Records from a data source
- - -

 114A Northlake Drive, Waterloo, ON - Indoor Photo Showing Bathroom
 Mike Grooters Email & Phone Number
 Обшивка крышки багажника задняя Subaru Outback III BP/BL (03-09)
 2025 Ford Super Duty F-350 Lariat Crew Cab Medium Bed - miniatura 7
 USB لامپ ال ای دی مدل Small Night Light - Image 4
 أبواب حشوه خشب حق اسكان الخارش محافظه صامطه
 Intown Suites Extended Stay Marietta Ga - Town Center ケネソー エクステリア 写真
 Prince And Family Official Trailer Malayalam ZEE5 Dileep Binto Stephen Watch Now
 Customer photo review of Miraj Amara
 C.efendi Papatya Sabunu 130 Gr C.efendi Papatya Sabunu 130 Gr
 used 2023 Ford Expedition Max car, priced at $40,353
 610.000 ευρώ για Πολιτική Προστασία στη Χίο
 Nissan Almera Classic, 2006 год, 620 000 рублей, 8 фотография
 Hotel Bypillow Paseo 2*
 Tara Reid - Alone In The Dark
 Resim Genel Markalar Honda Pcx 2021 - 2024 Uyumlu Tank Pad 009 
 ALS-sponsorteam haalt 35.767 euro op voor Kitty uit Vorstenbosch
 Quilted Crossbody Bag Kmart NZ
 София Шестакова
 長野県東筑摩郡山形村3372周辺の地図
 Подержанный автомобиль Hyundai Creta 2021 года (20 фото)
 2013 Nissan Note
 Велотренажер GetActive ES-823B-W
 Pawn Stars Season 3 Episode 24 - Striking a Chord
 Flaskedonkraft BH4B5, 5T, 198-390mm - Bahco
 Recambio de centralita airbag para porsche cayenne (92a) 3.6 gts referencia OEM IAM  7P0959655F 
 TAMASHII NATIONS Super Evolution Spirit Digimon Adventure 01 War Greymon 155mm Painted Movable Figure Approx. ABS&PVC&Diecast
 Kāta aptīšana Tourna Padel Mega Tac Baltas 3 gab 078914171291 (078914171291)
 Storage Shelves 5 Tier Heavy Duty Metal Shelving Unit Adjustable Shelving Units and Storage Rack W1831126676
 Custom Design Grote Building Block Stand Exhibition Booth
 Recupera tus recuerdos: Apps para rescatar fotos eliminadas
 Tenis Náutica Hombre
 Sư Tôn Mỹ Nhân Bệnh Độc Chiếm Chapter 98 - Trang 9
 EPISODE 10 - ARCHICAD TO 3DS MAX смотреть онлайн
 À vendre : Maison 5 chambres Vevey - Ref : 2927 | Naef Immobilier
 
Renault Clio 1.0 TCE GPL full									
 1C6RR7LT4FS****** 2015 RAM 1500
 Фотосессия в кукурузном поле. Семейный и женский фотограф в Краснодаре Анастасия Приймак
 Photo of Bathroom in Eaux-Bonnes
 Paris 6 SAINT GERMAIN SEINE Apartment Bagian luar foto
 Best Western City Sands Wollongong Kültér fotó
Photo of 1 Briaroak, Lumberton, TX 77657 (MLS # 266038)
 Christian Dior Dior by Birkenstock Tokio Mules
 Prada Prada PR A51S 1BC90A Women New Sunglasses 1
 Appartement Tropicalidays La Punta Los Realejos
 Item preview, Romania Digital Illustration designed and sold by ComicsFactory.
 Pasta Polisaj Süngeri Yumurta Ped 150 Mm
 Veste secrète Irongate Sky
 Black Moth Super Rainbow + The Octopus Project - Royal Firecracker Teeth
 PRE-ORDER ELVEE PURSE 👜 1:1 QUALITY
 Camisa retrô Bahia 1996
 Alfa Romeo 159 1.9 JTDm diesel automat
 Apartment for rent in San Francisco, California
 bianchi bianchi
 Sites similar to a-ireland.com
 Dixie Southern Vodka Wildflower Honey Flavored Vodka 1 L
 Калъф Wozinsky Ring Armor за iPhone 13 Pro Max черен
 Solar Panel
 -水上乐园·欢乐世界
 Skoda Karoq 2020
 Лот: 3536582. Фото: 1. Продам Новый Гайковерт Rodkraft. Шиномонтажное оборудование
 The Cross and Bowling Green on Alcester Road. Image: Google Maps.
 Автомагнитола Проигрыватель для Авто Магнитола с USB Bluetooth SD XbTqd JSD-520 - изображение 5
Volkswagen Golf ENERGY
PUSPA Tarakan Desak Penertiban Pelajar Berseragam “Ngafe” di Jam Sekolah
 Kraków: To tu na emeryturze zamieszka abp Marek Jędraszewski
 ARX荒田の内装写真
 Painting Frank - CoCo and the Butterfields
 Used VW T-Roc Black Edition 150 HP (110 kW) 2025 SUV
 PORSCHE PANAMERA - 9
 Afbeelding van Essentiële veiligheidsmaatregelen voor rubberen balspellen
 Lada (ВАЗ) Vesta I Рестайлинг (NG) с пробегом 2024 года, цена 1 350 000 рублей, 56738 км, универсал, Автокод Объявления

- - -

• _To do_
Whenever the string "Image" turns up in a line above, copy that line out.

• _Answer below_
 USB لامپ ال ای دی مدل Small Night Light - Image 4
 The Cross and Bowling Green on Alcester Road. Image: Google Maps.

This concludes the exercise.